И все-таки есть какая-то прелесть в том, что миниатюра написана именно на портсигаре, на крышке шкатулки, на письменном приборе. Палешане расписали по заказам Третьяковской галереи несколько таблеток из папье-маше. Но в таблетке нет воли орнаменту, миниатюра на таблетке теряет все-таки сколько-то процентов прелести.

Итак, в утилитарных предметах Палеха отсутствует практическая утилитарность.
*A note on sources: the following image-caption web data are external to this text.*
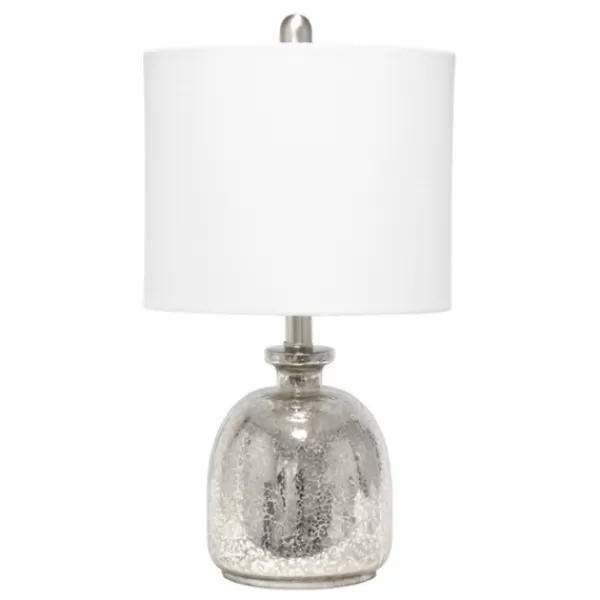 Table Lamps-Kirkland's Home Mercury Hammered Glass Shade Table Lamp White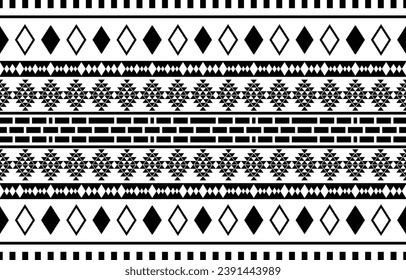aztec seamless pattern.  rug textile print texture Tribal design, geometric symbols for logo, cards, fabric decorative works. traditional print vector illustration. on black and white background.
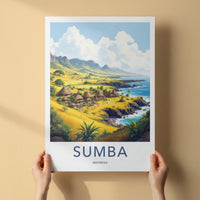 Sumba Poster - Indonesia Travel Art - Tropical Island Village Home Decor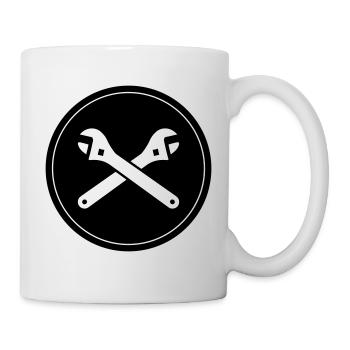 Schraubenschlüssel Icon - Tasse - Weiß - Rechts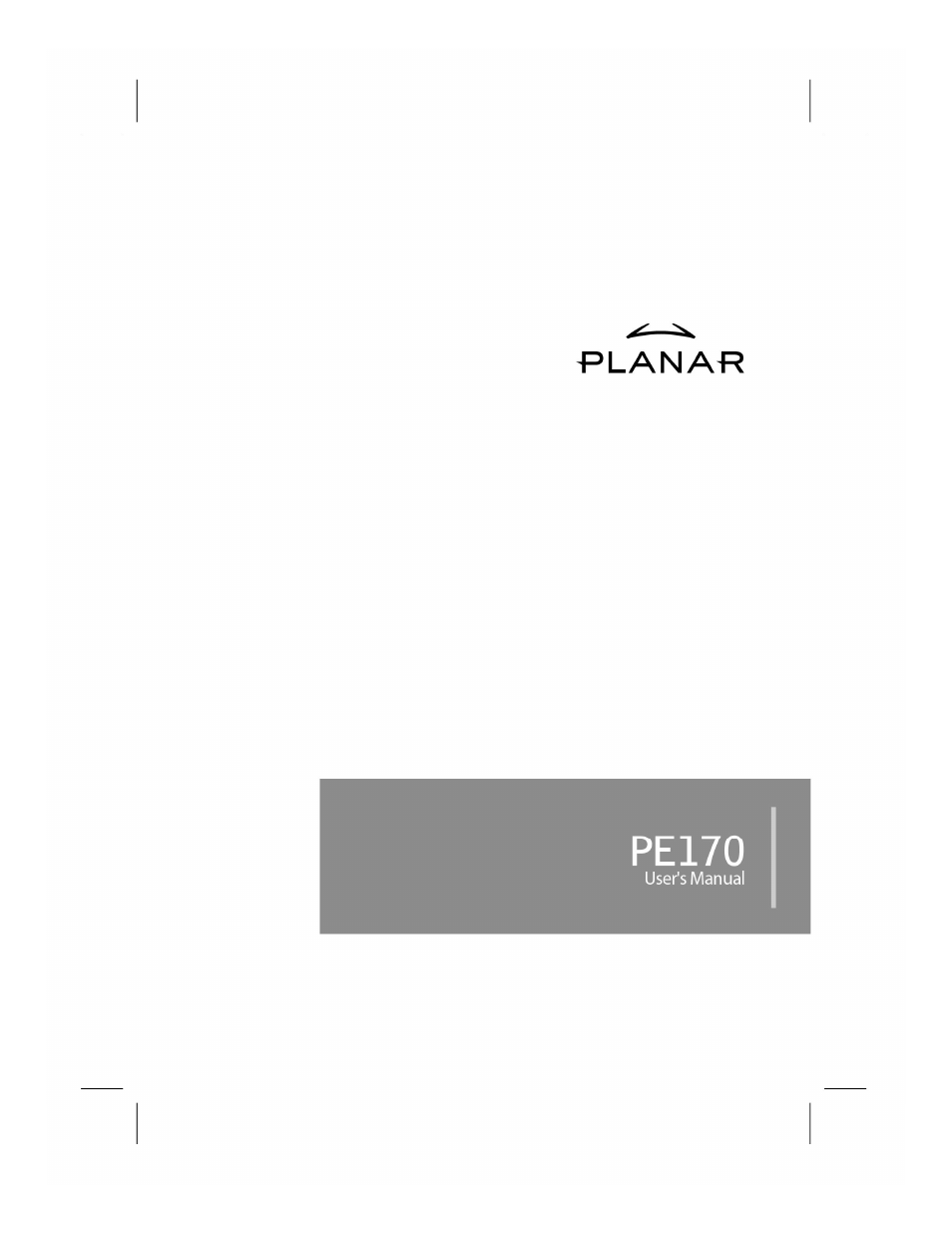 Planar PE170 User Manual | 9 pages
Зачем же тогда палешане прессуют картон в виде цилиндров и призм, жарят заготовки в печи, вделывают донца, шарниры, замки, старательно обтачивают и грунтуют предметы со всех сторон и, наконец, в деловых бумагах называют эти предметы по их практическим признакам? Все это нужно затем, чтобы лишний раз подчеркнуть внеутилитарность вещи, показать, как прелестен и дорог этот тонкий слой краски на крышке изделия. Он настолько дорог, что для него ничего не жалко, для него хочется выстроить самый дорогой фундамент. Так иногда для одной какой-нибудь скульптуры строят роскошный дворец, в котором никто не будет жить, но благодаря которому скульптура, заключенная в него, будет казаться еще дороже и значительнее.

Палех показывает в своих художественных образах все самое жизнерадостное и бодрое, что есть в народе, и чего не мог он показать раньше — в безобразных образах.

Сюжеты палехских миниатюр можно разбить на три основных группы:

Первая — и самая обильная — черпает творческую энергию из народных частушек, песен, поговорок, пословиц, которые, кажется, уж давно ждали воплощения в краске и вот, наконец, нашли своего художника. И глядя на эти бесконечные вариации «Стеньки Разина», на «Девушек, бросающих в воду венки», понимаешь, что только Палех — и никто другой — мог одеть народную поэзию в такую красочную одежду.

Вторая группа сюжетов — произведения художественной литературы: «У лукоморья», «Леший», «Данко», «Располным-полна коробушка» и многие другие.

Третья — собственные сюжеты художников: «Праздник в селе», «Крестьянский труд», «Бой красных с белыми», «Заседание волисполкома» и так далее.